» Work order: The line with "Personal trainer. Come" and each line following it, up to the final line of the data, should be set down exactly; pictures stay out.

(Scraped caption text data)

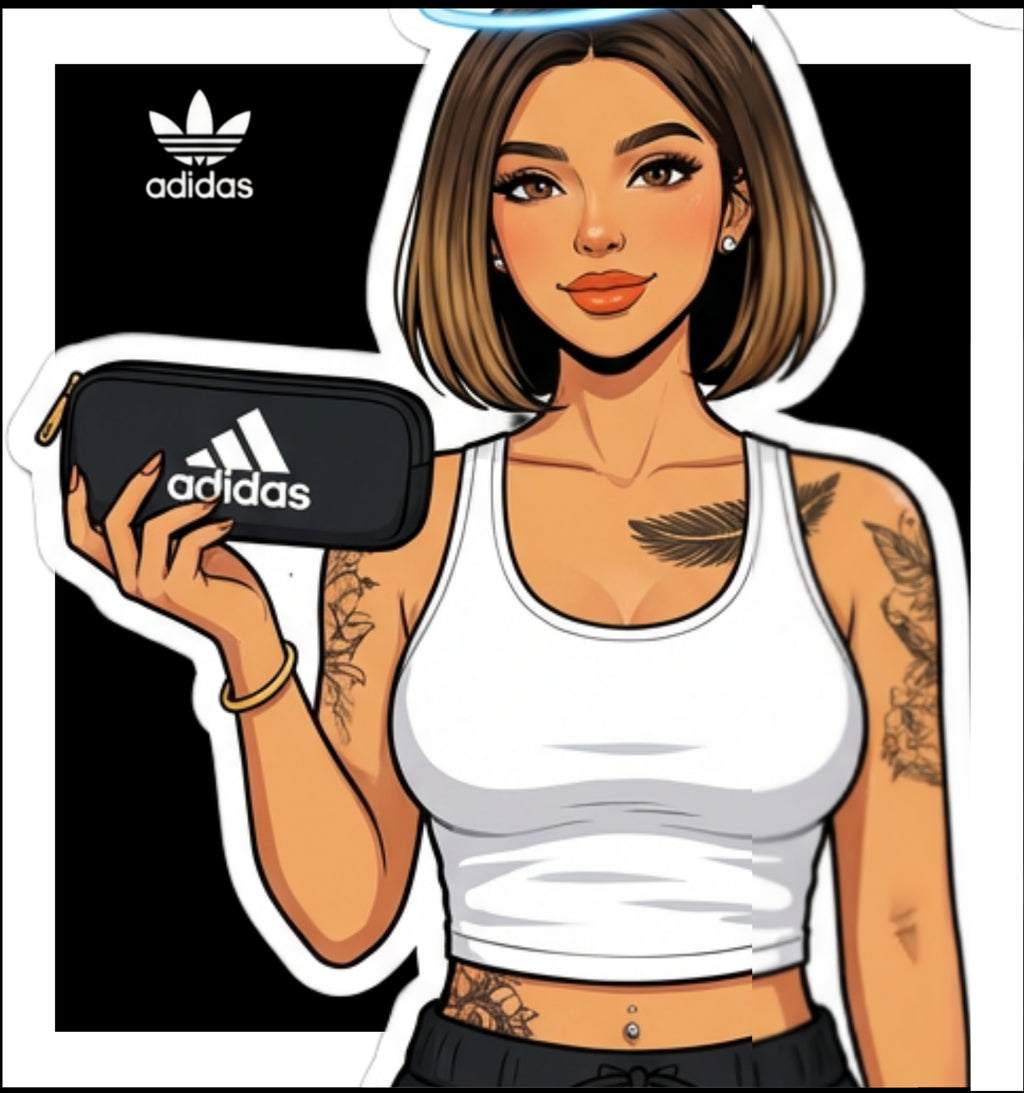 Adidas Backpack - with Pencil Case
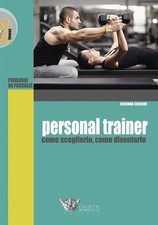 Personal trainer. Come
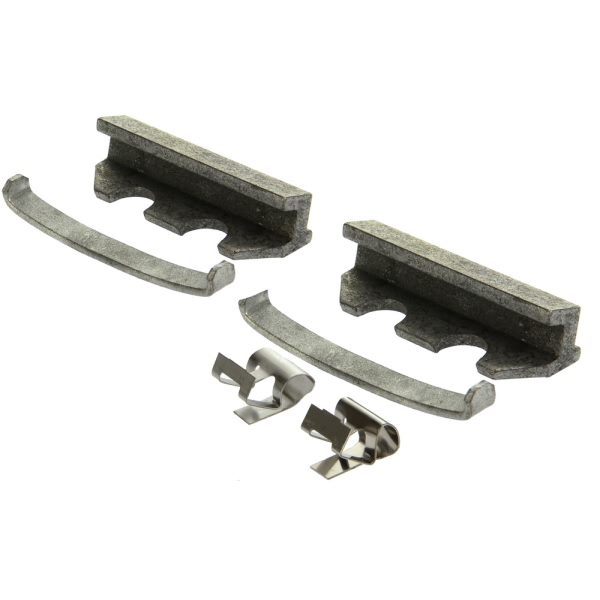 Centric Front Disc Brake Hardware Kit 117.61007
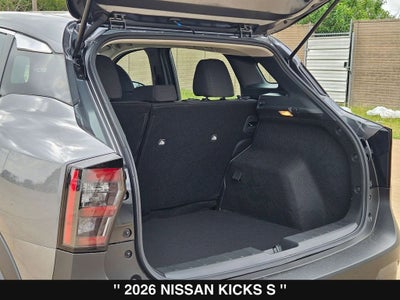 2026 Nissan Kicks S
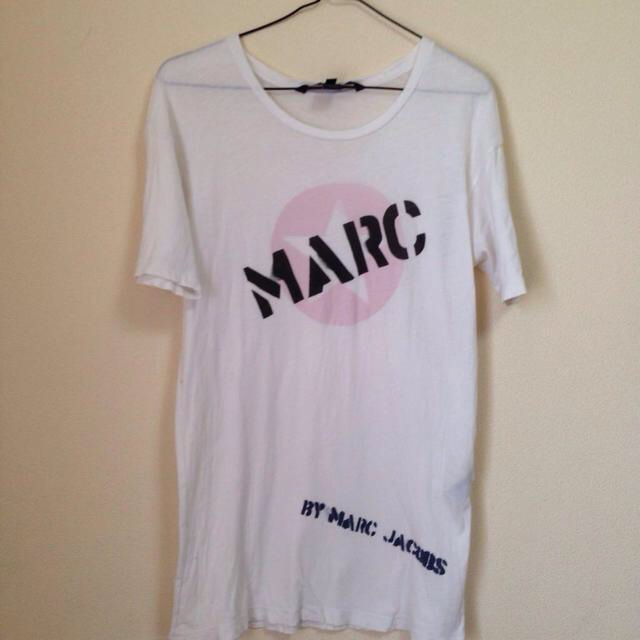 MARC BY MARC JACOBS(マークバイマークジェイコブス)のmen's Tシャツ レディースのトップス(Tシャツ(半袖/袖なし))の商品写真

» Output below:
 Personal trainer. Come
 Centric Front Disc Brake Hardware Kit 117.61007
 2026 Nissan Kicks S
 MARC BY MARC JACOBS(マークバイマークジェイコブス)のmen's Tシャツ レディースのトップス(Tシャツ(半袖/袖なし))の商品写真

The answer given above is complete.